8. Federal regulators and Bitcoin
Along with the I.R.S. guidance and the DOJ's pursuit of Silk Road actors, other federal agencies have taken steps to define and regulate Bitcoin. Among the first was the U.S. Treasury's Financial Crimes Enforcement Network (FinCEN) in March 2013. FinCEN's guidance advised that virtual currency exchanges would be considered "money transmitters" with record-keeping and recording obligations as required by existing anti-money laundering regulations. And exchanges that allowed users to buy or sell bitcoins in exchange for real currency would be required to file as money services businesses. Since then, FinCEN has issued more clarifying guidance on Bitcoin and has pursued enforcement action for failure to comply with its regulations in at least one case.

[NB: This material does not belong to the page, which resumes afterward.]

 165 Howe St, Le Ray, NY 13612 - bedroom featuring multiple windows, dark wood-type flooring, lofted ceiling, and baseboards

The Securities and Exchange Commission has also taken a corner on Bitcoin in a ruling that any investment in securities in the United States is subject to the SEC's regulation regardless of whether the investment is in U.S. dollars or virtual currency. To that end, the SEC has exercised jurisdiction in a Bitcoin Ponzi scheme. FINRA has also issued an investor alert on the "significant risks" of Bitcoin investments.
But Bitcoin also got a shot in the arm from the Commodity Futures Trading Commission in September. The CFTC approved the first derivative that allows a Bitcoin user to lock in a dollar value on their bitcoin, which provides some protection against the pendulous price swings that have been associated with Bitcoin. The swap is tied to the Tera Bitcoin Price Index, launched by Tera Exchange, with information from six different virtual currency exchanges.

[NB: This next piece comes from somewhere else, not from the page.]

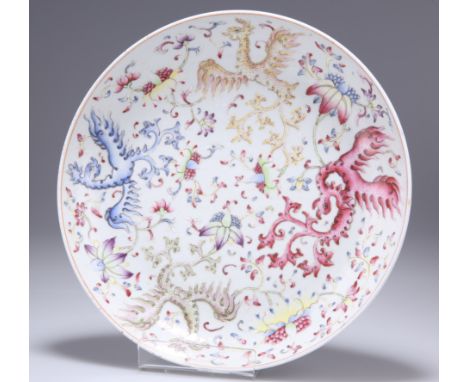 A CHINESE FAMILLE ROSE PORCELAIN DISH,&nbsp;circular, enamel painted with four phoenix and scrolling foliage, bears iron red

9. State regulators and Bitcoin
Several states have considered regulating Bitcoin under state money transmitter laws. The New York Department of Financial Services indicated that it would begin requiring "bit licenses" for virtual currency operators serving customers in the state. California's money transmitter laws require that operators making domestic and international money transfers to be licensed, and the California Assembly recently passed legislation legalizing the use of virtual currency in all transactions occurring in California.
Other states like North Carolina have indicated that Bitcoin and other virtual currencies already fit within the ambit of existing money transmitting laws, and those states have aimed to clarify guidance on existing law rather than pass new legislation aimed specifically at virtual currencies.
10. Bitcoin as a global currency?
Outside of the U.S., Bitcoin has had tepid reception as countries around the globe consider whether to permit and how to govern virtual currencies. The United States and China account for about two in three Bitcoin transactions around the world. But China banned financial institutions and payment companies from dealing in bitcoins in December 2013, causing the currency's value to plummet. Chinese citizens are still permitted to buy and sell bitcoins.
About a week after China's ban, the Reserve Bank of India warned investors on the risks of Bitcoin investment, resulting in several online exchanges in India suspending operations.
Meanwhile in Russia, the Prosecutor General banned use of any monetary substitute for the ruble, but the Bank of Russia recently stated that along with the central government, the central bank was studying Bitcoin and might reconsider the ban.
UK authorities have given the cold shoulder with the Bank of England warning that a take-off in Bitcoin's popularity could jeopardize the financial stability of the U.K's banking system. Brazil and Australia have also decided to tax the capital gains on bitcoins, and Australia and New Zealand's central banks issued investment advisories on the significant risks of Bitcoin.
Could employees be paid in Bitcoin instead of U.S. dollars someday? Could bitcoins be a hedge for gold or stocks? While central banking and tax authorities have begun to consider Bitcoin regulation, it remains to be seen whether Bitcoin will grow from its shadowy beginnings to a respectable and reliable financial instrument in the marketplace.